Food: The place as I was saying happens to have a few sommeliers and what better way than to start the food journey with a classic glass of freshly brewed Sangria. Now this is one place in pune where people swear by the Sangria they serve and they were spot on to start the food parade on such a high note. The sangria had thin slices of apple and a dash of sweetner. The basic crude variant of wine used to make this did its job with perfection. People were asking for more and more of this red devil. Along with this they served yet another of their hot favorite – the karari roti. This is basically a roomali roti made of maida but crisped to the last sq inch and garnished with a fine potion made of butter, oodles of chat masala and freshly cut coriander along with some chili powder to give that fiery red look. The dish was undoubtedly one of their much appreciated dishes coz the people finished it in no time.

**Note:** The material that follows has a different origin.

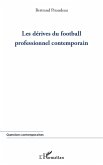 Derives du football professionnel contemporain (eBook, ePUB)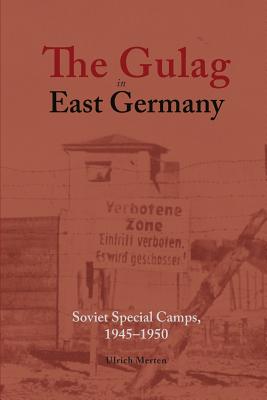 The Gulag in East Germany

Next came the Rosemary Baby Potatoes with TT’s BBQ Sauce. A very good barbeque sauce preparation with rosemary as its perfect partner. Never though that the rosemary can be put to such a good use. Racing along were Portobello mushrooms with black olives and Feta drizzled with extra virgin olive oil. The Portobello are a rare find to start off with and to come up with such a recipe with use of feta was equally commendable. I personally found it a little charred and had a hint of bitterness so not really sure if it’s meant to be like that or what but I was done with just one piece of this black beauty. Yet I could see other fellow foodies praising it with Nishant. Sweet Potato Fries with Rosemary, Sea Salt & BBQ Rub
Were next in line. This time rosemary presence was a bit overshadowed by the fries but the fries in itself were very nicely made. These were absolutely nil on oil content; meaning dry and lite to eat. They will be just the perfect companion one could ask for with some single malt. Now finally my beloved dish made its appearance. This was Mini Quiche of Sweet Corn, Creamy Spinach & Cheddar. I’ve had Cheddar in various forms but a better use none till date. These mini quiche scored a straight home run the moment I had my teeth dug into them and then there was no stopping me. I finished the 2-3 pieces quickly and even requested Nishant for another plate of these small wonders. Salmon in Labb with roasted rice swooped past us next. Salmon well people are quiet finicky about this water babe due to mercury content and stuff but then to have it prepared in Labb was a very unique experience so to say. This fish preparation is particularly very salty and is served that way. There are no added salts but just plain natural salts soaked in the meat giving it a very strong salty taste. My taste buds found it a bit too much to handle. I am not yet ready for such experiments. Soon after was a pool party. Yup a pool party where in finely diced olives, capers and anchovies slipped over a layer of virgin olive oil straight into tapenade sauce pool. Right behind were big grilled chicken pieces that splashed the tapenade sauce around the dish. It was hard core yummy preparation. We had a menu printout on our tables which also showed one Bacon ‘n Parmesan wrapped Dates with Mustard Crème Fraiche but the staff kinda skipped on that one and it never made to the table. The parade started off in absolute grandeur and had the breaths taken away in its first appearance and the audience held onto their seats desperately waiting for the parade to roll further. A wholehearted score of 8 on 10 for the starters.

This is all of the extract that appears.